Hungry for Justice
Posted by Michael McKenna on Tuesday, March 29, 2011
“There are cuts that kill and cuts that don’t kill.”
Ritu Sharma, Executive Director of Women Thrive Worldwide, shared that sobering quote yesterday at the kick-off of the HungerFast campaign led by Ambassador Tony Hall of the Alliance to End Hunger and other hunger leaders. Ambassador Hall, Bread for the World President David Beckman, Sojourners President Jim Wallis, and Ms. Sharma, decided to fast in order to call attention to the dire impact that proposed budget cuts will have on programs on which low-income Americans depend. Share Our Strength is joining with 38 other antihunger and antipoverty organizations in support of the HungerFast, which you can read more at www.hungerfast.org. Through the collective action of the members of this movement, we all hope to create a ‘circle of protection’ from these cuts around the most vulnerable members of society. Hopefully, members of Congress will see that their proposals are not only morally reprehensible but economically unsound.

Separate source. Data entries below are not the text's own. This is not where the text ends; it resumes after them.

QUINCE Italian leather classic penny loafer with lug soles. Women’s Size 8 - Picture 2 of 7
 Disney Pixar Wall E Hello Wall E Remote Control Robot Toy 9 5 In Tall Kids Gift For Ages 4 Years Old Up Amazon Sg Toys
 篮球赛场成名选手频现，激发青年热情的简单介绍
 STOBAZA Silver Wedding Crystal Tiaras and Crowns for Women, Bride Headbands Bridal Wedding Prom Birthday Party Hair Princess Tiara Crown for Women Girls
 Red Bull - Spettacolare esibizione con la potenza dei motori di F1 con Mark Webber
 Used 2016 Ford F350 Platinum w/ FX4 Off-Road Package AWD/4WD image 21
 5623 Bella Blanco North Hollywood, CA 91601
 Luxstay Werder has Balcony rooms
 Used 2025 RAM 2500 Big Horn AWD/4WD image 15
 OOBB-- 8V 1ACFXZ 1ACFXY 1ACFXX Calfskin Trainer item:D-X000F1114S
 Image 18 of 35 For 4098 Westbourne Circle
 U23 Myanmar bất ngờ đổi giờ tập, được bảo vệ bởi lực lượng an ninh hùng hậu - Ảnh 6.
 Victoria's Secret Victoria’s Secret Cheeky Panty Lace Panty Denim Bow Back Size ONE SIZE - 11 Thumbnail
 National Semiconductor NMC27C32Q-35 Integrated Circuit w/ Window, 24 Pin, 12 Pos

To give you a little context to Ms. Sharma’s quote, she is talking about the 26% cut to poverty-focused foreign aid proposed by the House of Representatives. Items on the chopping block include malaria bed nets and aid to farmers making less than a dollar a day to help them process and market their crops. No aid could mean disease or famine. But it’s the cuts to domestic programs that will also kill. 200,000 thousand low-income preschoolers kicked out of Head Start programs, killing their chances for positive education outcomes. 50% funding cut from community service block grants, killing communities’ ability to deliver key services like emergency food and heating assistance to the poor.
Tax loopholes: 60 minutes reported Sunday that over $60 billion in corporate profits have been stashed in Swiss bank accounts to avoid taxation.
Military spending: H.R. 1 didn’t offer any proposed cuts to the Defense budget and the Obama FY2012 budget actually has the Pentagon budget growing at a faster rate than inflation, according to analysis by the Project for Defense Alternatives.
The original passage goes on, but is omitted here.